Chaos Engineering — Failures Becomes Reliability

Improving Kubernetes Resiliency with Chaos Engineering

Failures are inevitable, even a strongest platform with concrete operations infrastructure can face outage in production, when system’s threshold to withstand turbulent conditions go out of control. There is no single reason why a system fail and it is not possible to immediately address a failure without prior knowledge on why and when that specific failure might occur, the same implies to widely used Kubernetes platform. Even when all of the individual services in a Kubernetes environment are functioning properly, the interactions between those services can cause unpredictable outcomes.

Chaos Engineering is the discipline of experimenting on a distributed system in order to build confidence in the system’s capability to withstand turbulent conditions in production.

In simpler terms : Breaking things on purpose!!. While seemingly counterintuitive, intentional injection of something chaotic into a complex system (Kubernetes here) in order to prevent a future issue and record the behavior of the system while on chaos. Chaos engineering is carefully injecting a failure into our systems to test the system’s ability to respond to it. This is an effective method to practice, prepare, and prevent/minimize downtime and outages before they occur.

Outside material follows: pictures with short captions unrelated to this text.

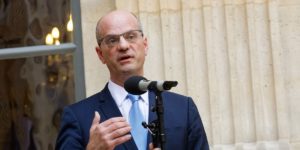 Jean-Michel Blanquer lors de son premier discours avec le costume de ministre de l'Education nationale (photo : @EducationFrance)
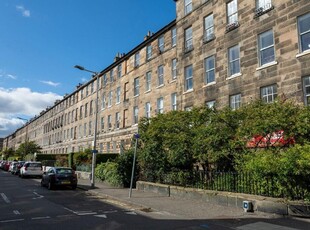 3 bedroom flat for rent in Rankeillor Street, Newington, Edinburgh, EH8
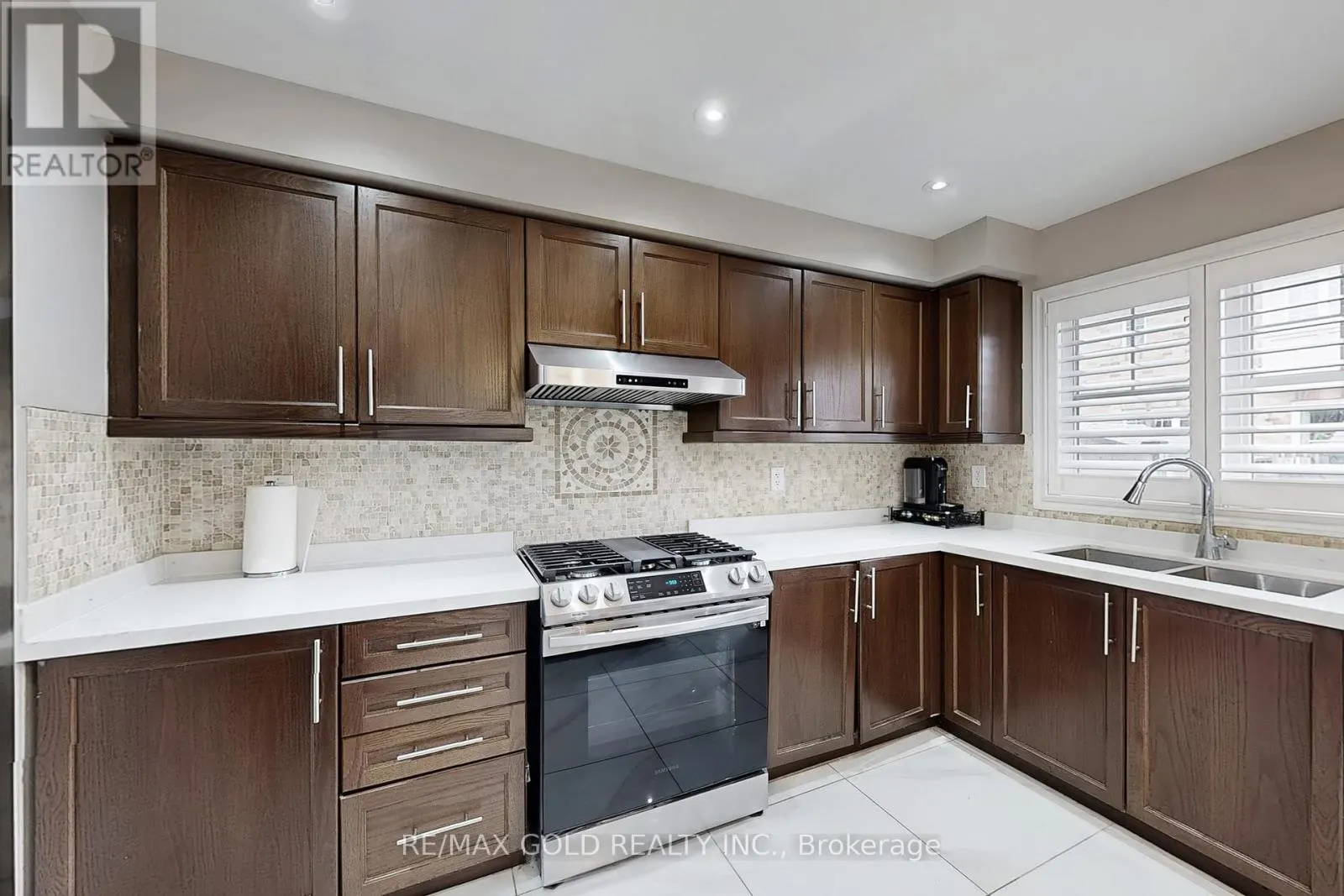 933 RAFTIS CRESCENT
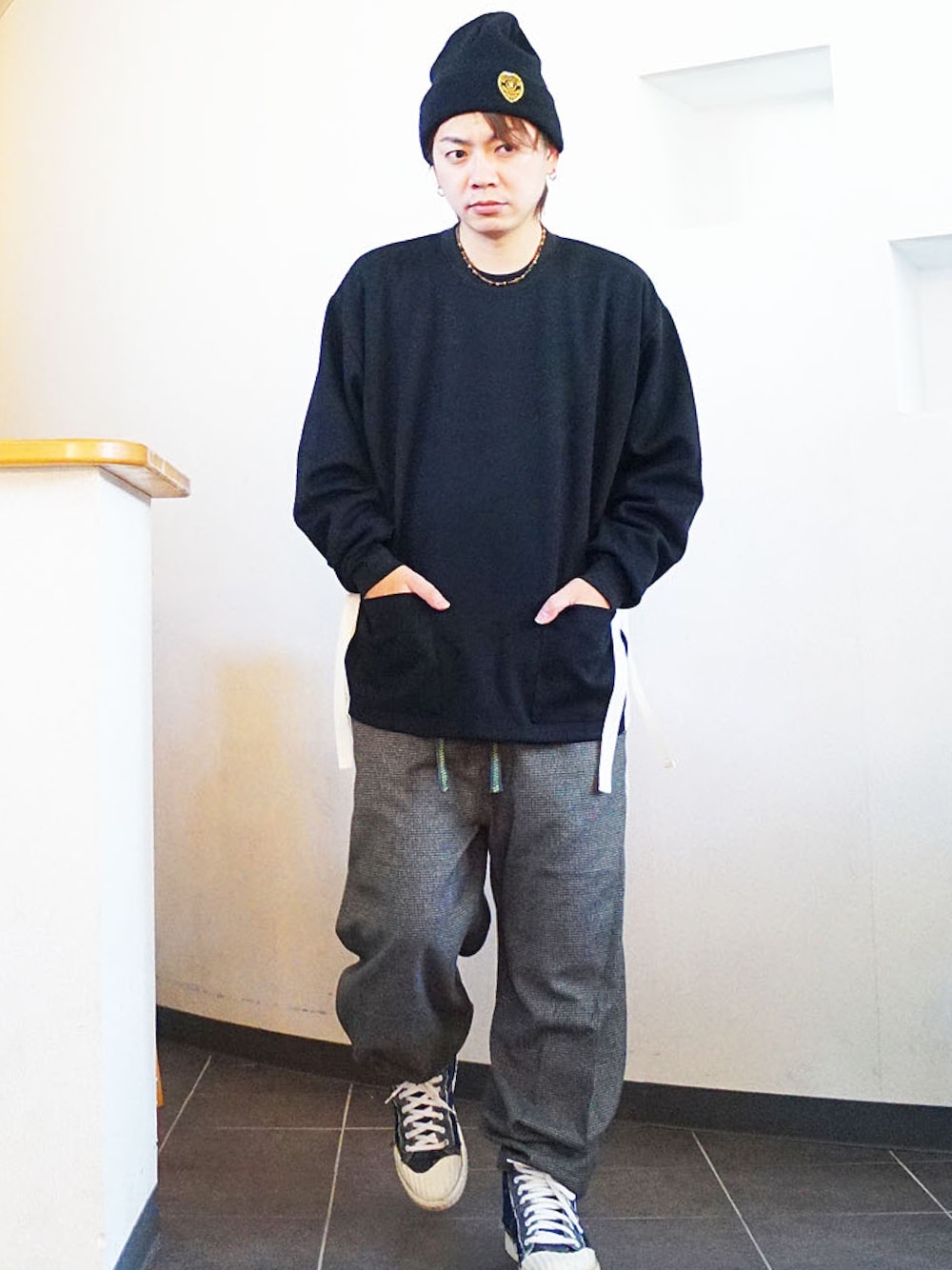 「シンプルコーデ、お洒落さんとつながりたい、大人コーデ、ゆるコーデ、スニーカー、ファッションの力を信じよう、カジュアルストリート、カジュアルコーデ、quolt、カットソー、30代コーデ、40代ファッション、きれいめカジュアル」｜「quoltのquolt カットソー（Tシャツ/カットソー、ブラック系）」を使った、MOREGAUCHE2KAZUYAさん（メンズ・169cm）の冬コーディネートの1枚目の写真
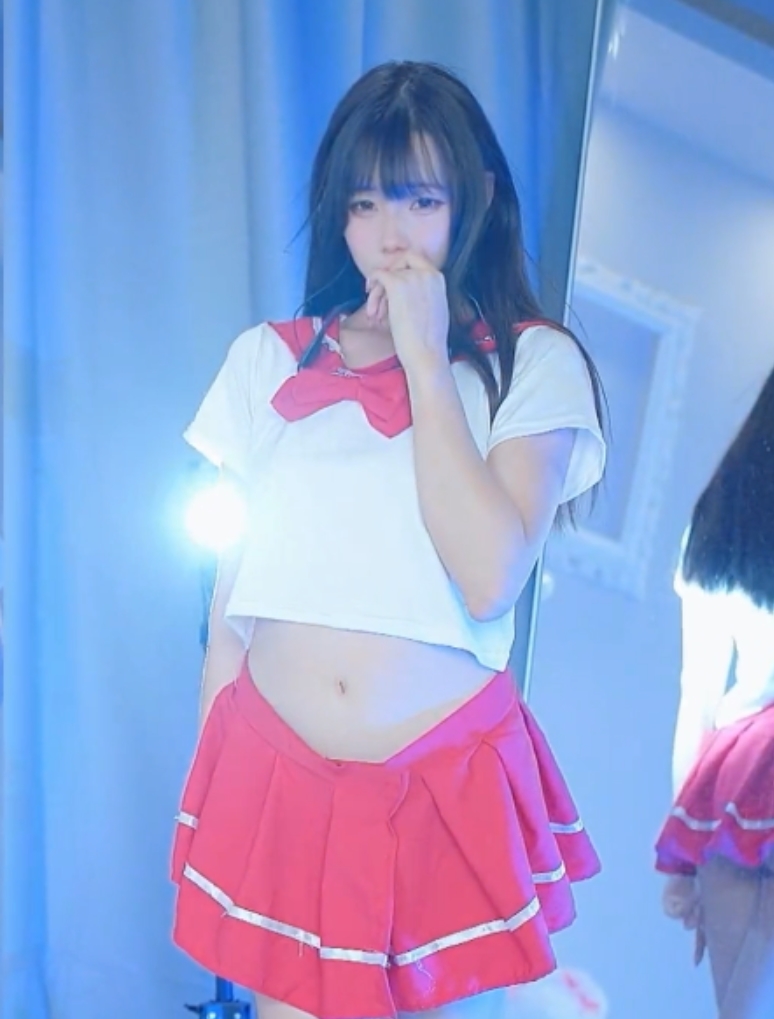 兔娘早期清纯热舞5V合集4G某站展示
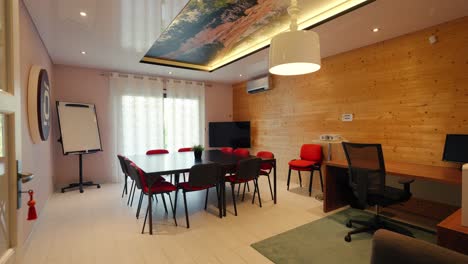 cámara lenta estableciendo una foto de una oficina en casa con una mesa de reuniones en una mansión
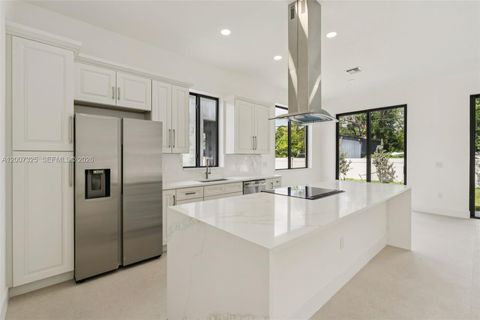 Tiny photo for 1515 SW 40th Ter, Fort Lauderdale, FL 33317 (MLS # A12007325)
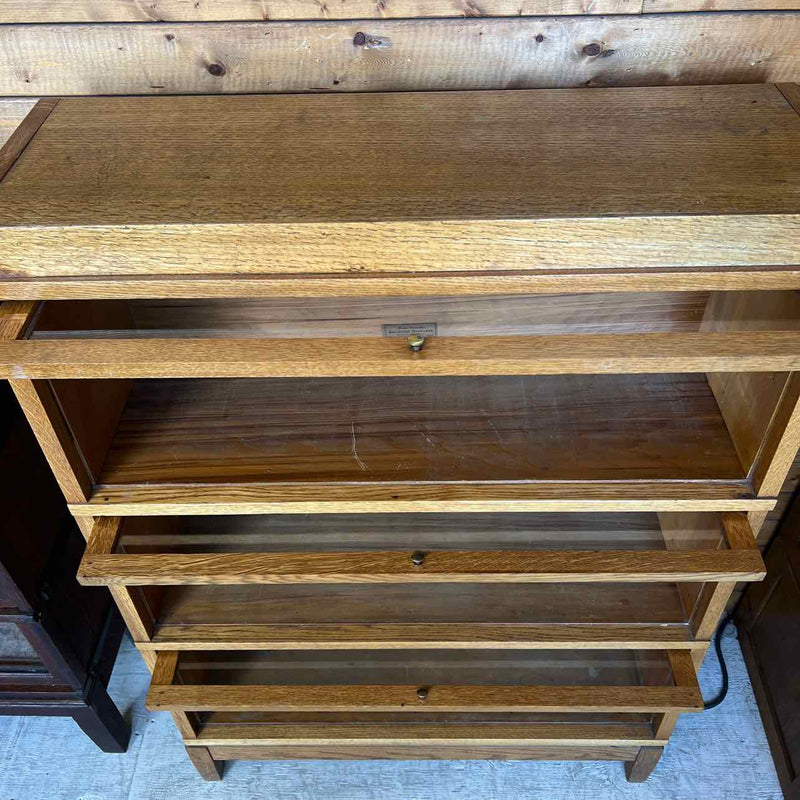 Bookshelf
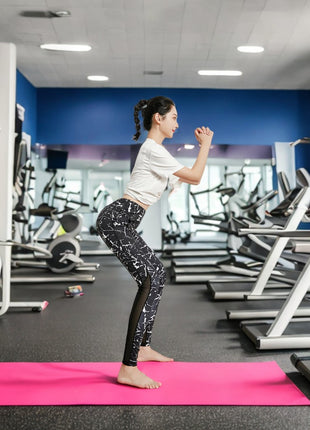 women's lifted yoga pants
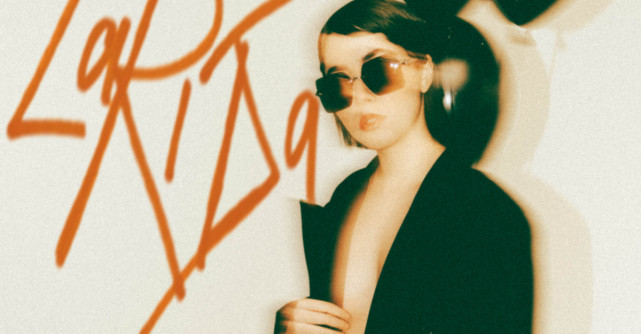 IOVA uimește cu o piesa manifest - LA RI DA -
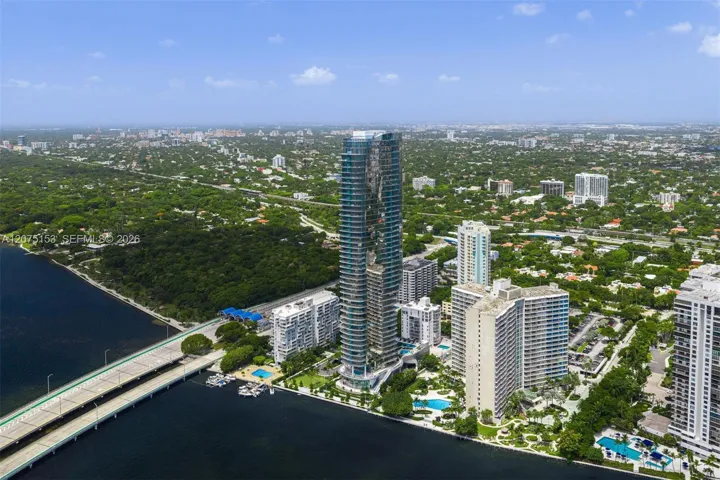 UNA Residences Brickell. One or more photos have been virtually staged.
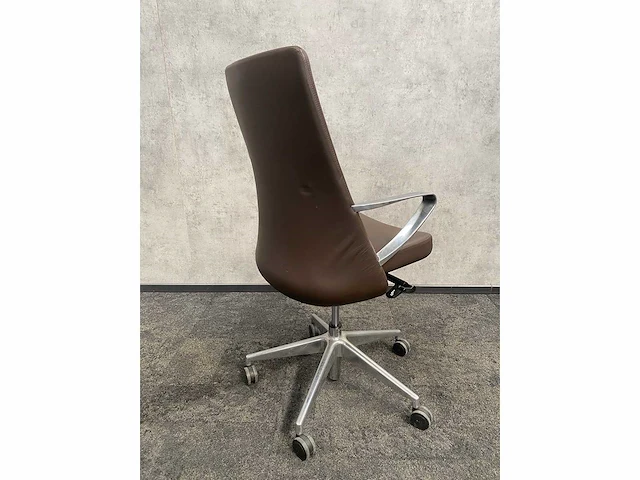 Twinform cocoon - lederen design bureaustoel - afbeelding 13 van  16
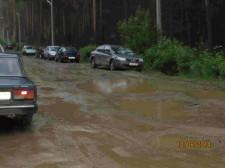 Дорога вдоль дома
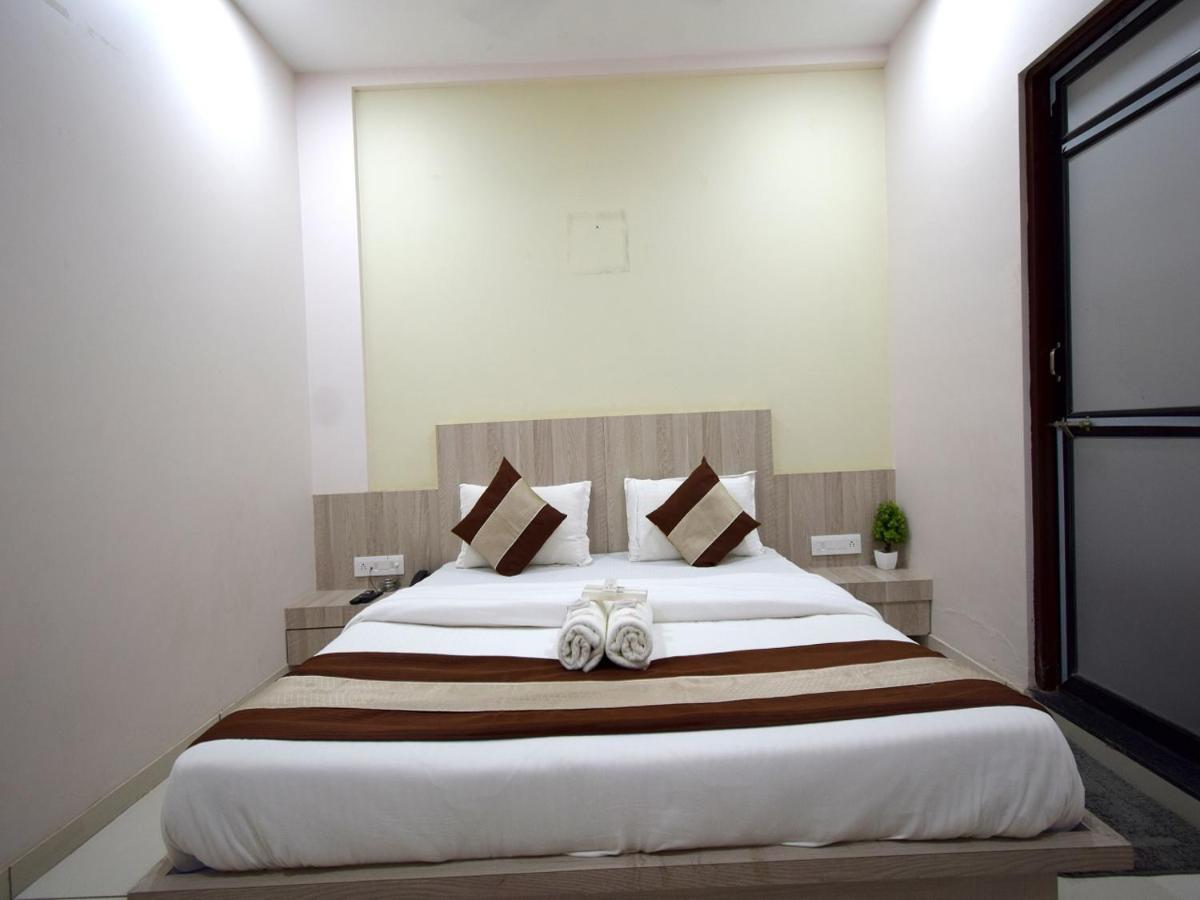 Hotel Embassy Kalol エクステリア 写真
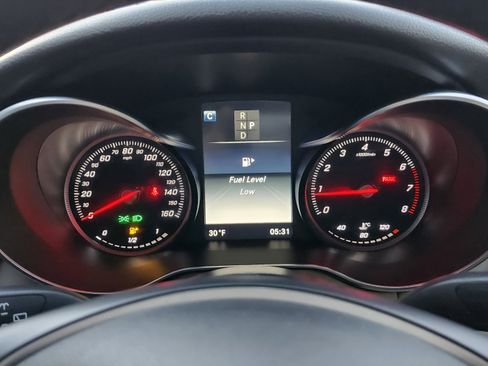 Used 2017 Mercedes-Benz GLC 300 w/ Premium 1 Package image 28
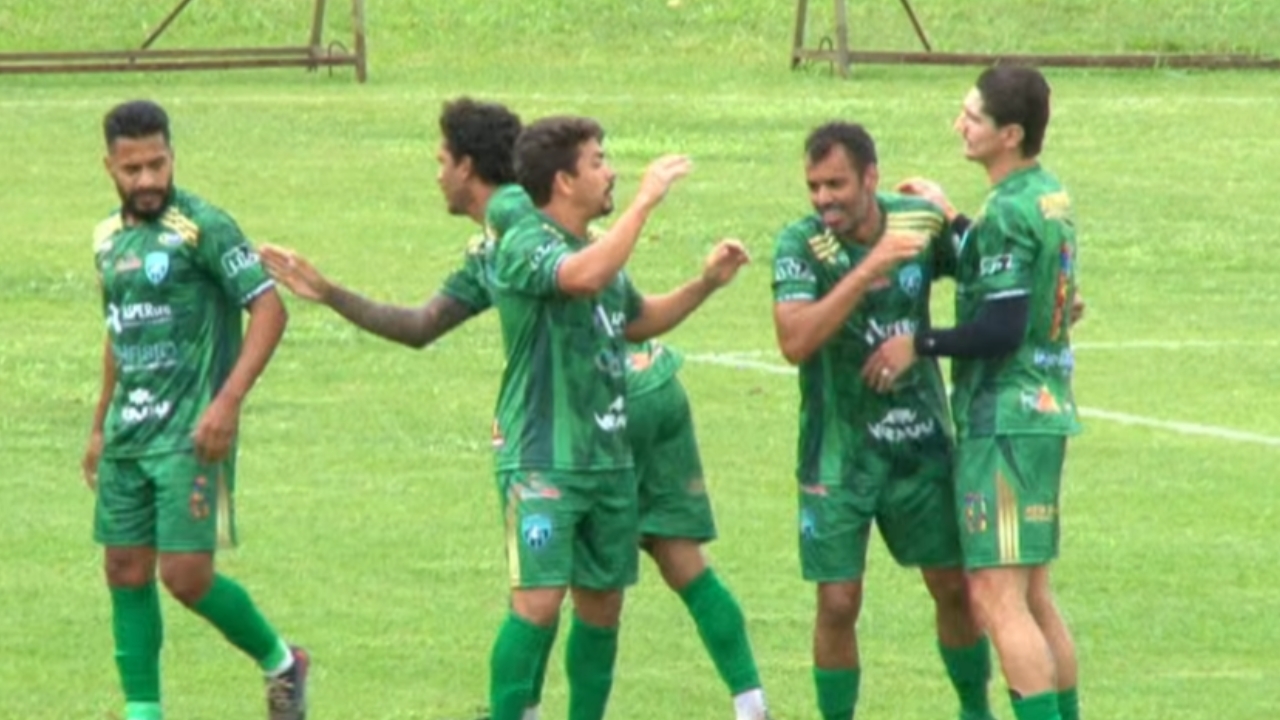 Equipe do Kubanacan comemorando gol Equipe do Kubanacan comemorando gol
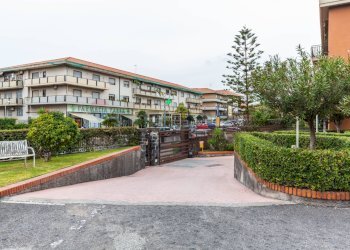 Edificio all\'aperto - Quadrilocale Via A Diaz
 
66/68, Catania - foto 5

Chaos engineering is a relatively new fields. It all started with Netflix transition to true cloud environments. Netflix saw the cloud as vulnerable. They believed that no instance in the cloud could guarantee permanent uptime. So, they created Chaos Monkey. Chaos Monkey was designed to randomly disable production instances to ensure survivability during common types of failures. Failure Injection Testing (FIT) was designed to give developers a “blast radius” rather than unmanaged chaos.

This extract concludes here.